Auch auf einer Basiskonferenz der Linken in Sömmerda wurde heftig über dieses Zugeständnis debattiert, der designierte Ministerpräsident Bodo Ramelow stufte das entsprechende Kompromiss-Papier zur „Protokollnotiz“ herab. Das wiederum rief Kritiker wie die Grünen-Verhandlungsführerin Anja Siegesmund auf den Plan. Denn die Grünen wollen Passagen dieses Kompromiss-Papiers in die Präambel eines möglichen Koalitionsvertrags übernehmen.
Die Einstellung zum SED-Staat gehört für SPD und Grüne zu den wichtigsten Punkten, an denen sie die Linkspartei misst, zumal sie sich auch vor den eigenen Mitgliedern verantworten müssen.

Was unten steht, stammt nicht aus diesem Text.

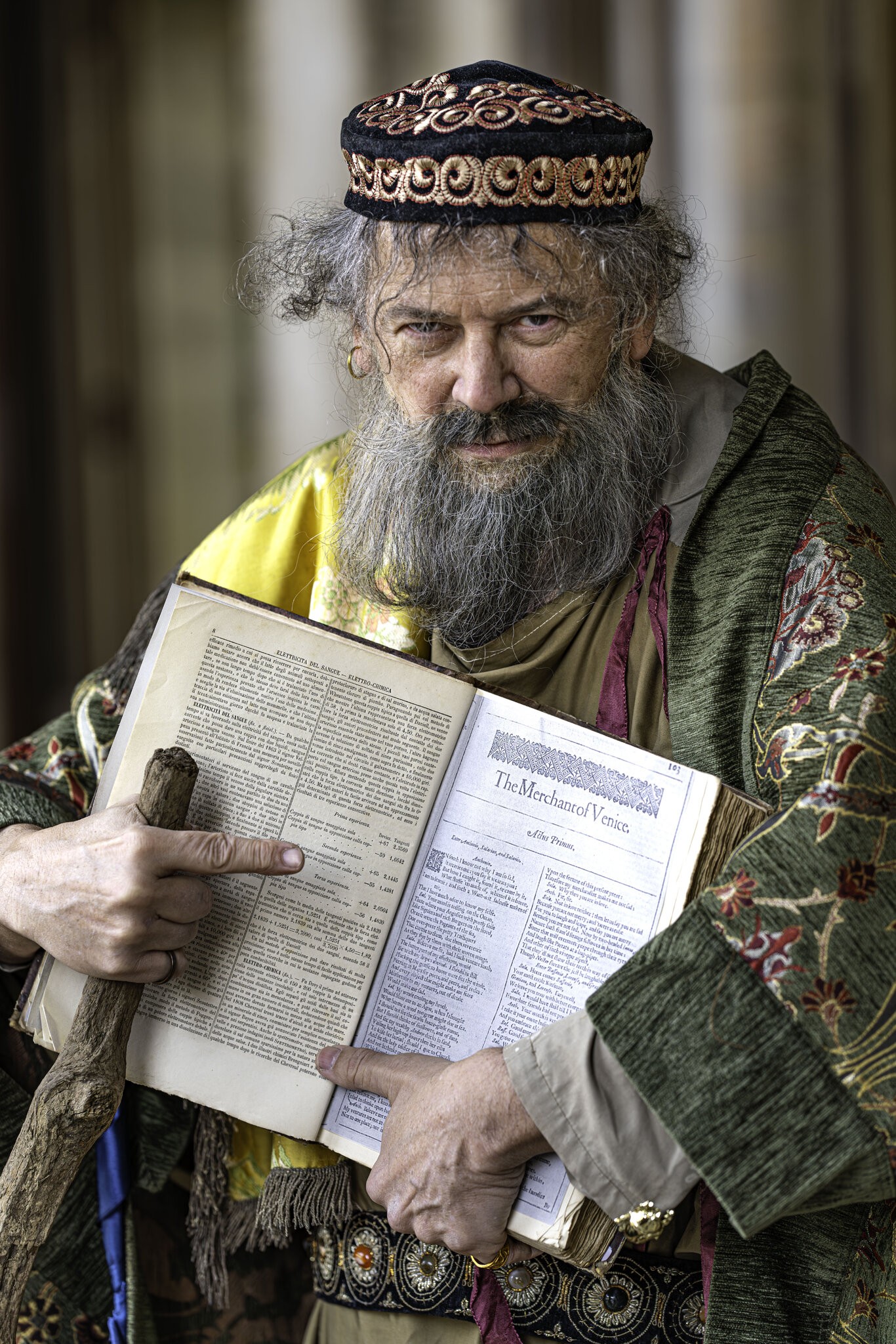 The Merchant of Venice-2.jpg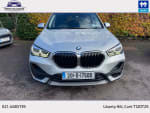 2020 Bmw X1 - Image 3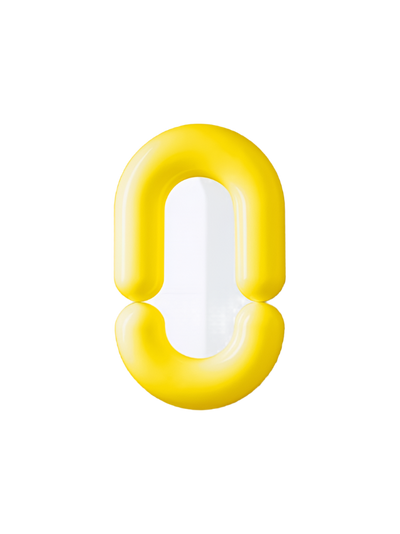 コットンクラブ ラウンジチェア 1988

Unstrittig ist für sie auch, dass ehemalige Zuträger der Staatssicherheit keine Regierungsämter übernehmen sollen. Das betrifft etwa die Linken-Abgeordnete Ina Leukefeld, die trotz bekannter IM-Vorwürfe in Suhl ein Direktmandat gewonnen hatte.
Union wirbt um SPD
Leichter konnten sich SPD, Grüne und Linkspartei in ihren Dreierrunden über Fragen der Gebietsreform, der Flüchtlingspolitik, das kommunale Wahlrecht für Jugendliche oder bei der Kinderbetreuung verständigen. Demgegenüber muten die Gemeinsamkeiten in den SPD-Gesprächen mit der Union schmaler an. Die CDU machte Zugeständnisse bei sozialen Projekten und will den Rechtsextremismus stärker bekämpfen.

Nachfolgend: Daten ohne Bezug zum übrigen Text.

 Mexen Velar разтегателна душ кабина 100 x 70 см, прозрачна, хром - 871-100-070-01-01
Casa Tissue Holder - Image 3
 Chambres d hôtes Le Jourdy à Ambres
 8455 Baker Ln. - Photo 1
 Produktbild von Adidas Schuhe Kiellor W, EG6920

Auffällig ist, wie sehr die Union um die SPD wirbt. Ministerpräsidentin Christine Lieberknecht entschuldigte sich öffentlich für Rempeleien und Verletzungen im Wahlkampf. Zugleich zeigt die CDU Geschlossenheit, um der SPD die Furcht vor der knappen Mehrheit zu nehmen. Für Mike Mohring als alten und neuen Fraktionschef votierten sämtliche 34 Landtagsabgeordneten. Den Lockrufen der Union, eine knappe schwarz-rote Mehrheit zu unterstützen, haben die Grünen bisher eine Absage erteilt. Man sähe sich dort nur am Katzentisch, sagte Grünen-Verhandlungsführerin Anja Siegesmund dem Tagesspiegel.
Bis zum 15. Oktober wird sich die SPD noch mal mit beiden Seiten zu Gesprächen treffen, am 20. Oktober will sich ihr Landesvorstand für eine Koalition entscheiden. Darüber sollen dann die etwa 4.600 Mitglieder der SPD abstimmen.

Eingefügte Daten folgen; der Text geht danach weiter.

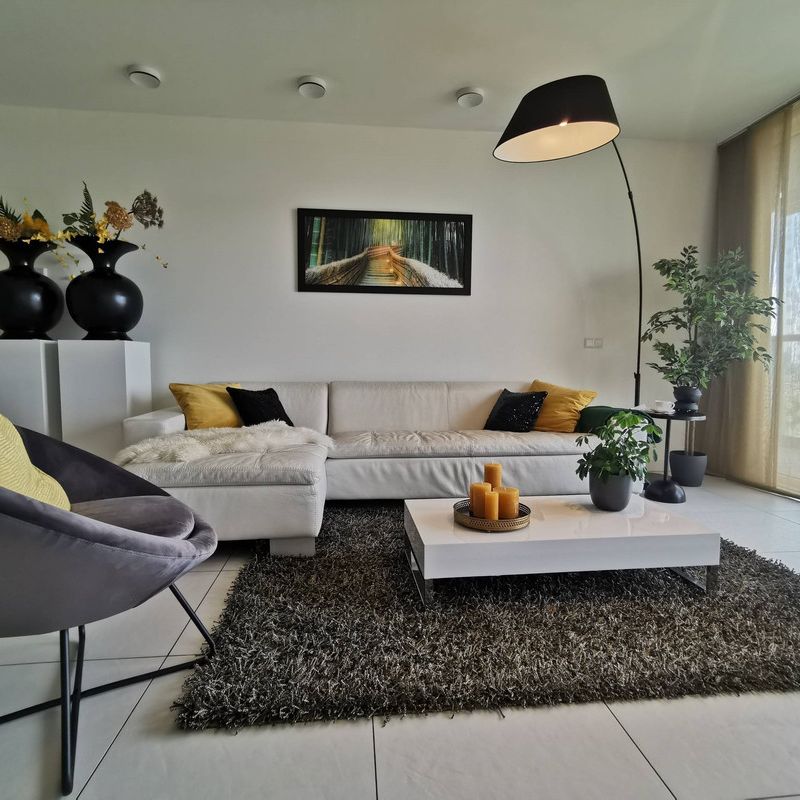 Kruisplein 742 - Foto 1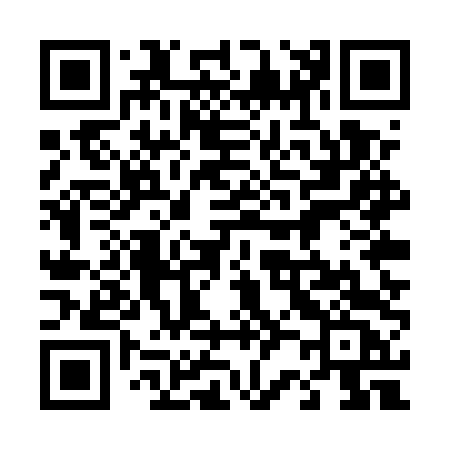 QR code for 425UTC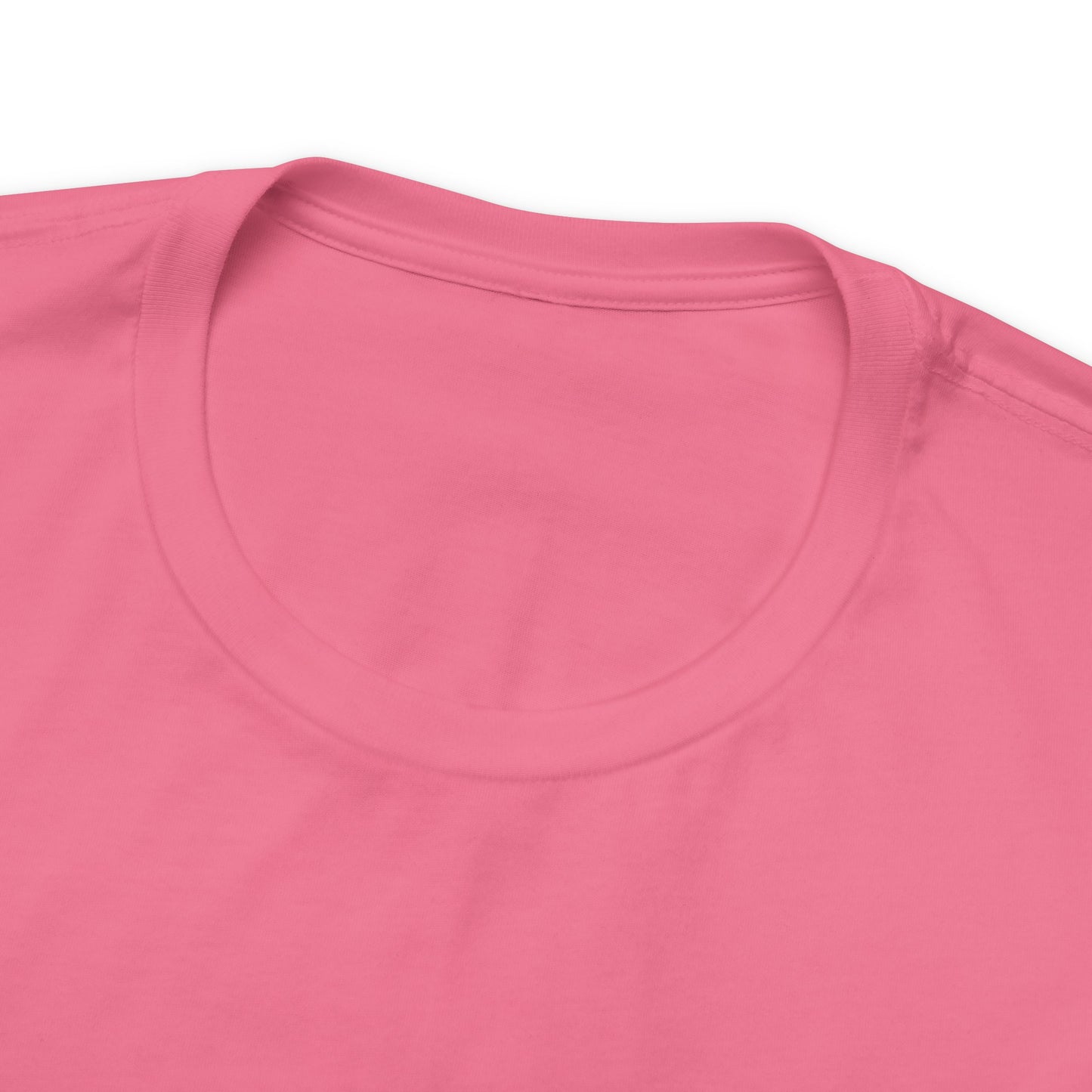 Unvaccinated and Healthy T-shirt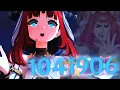 The Right Way to Play Nilou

Dieser Artikel wurde um 10.22 korrigiert. Versehentlich war im zweiten Absatz davon die Rede, dass die Linke nach Meinung von René Lindenberg „zu weit“ gegangen ist, als sie die Bezeichnung „Unrechtsstaat“ für die frühere DDR akzeptierte. Wir entschuldigen uns für den Fehler.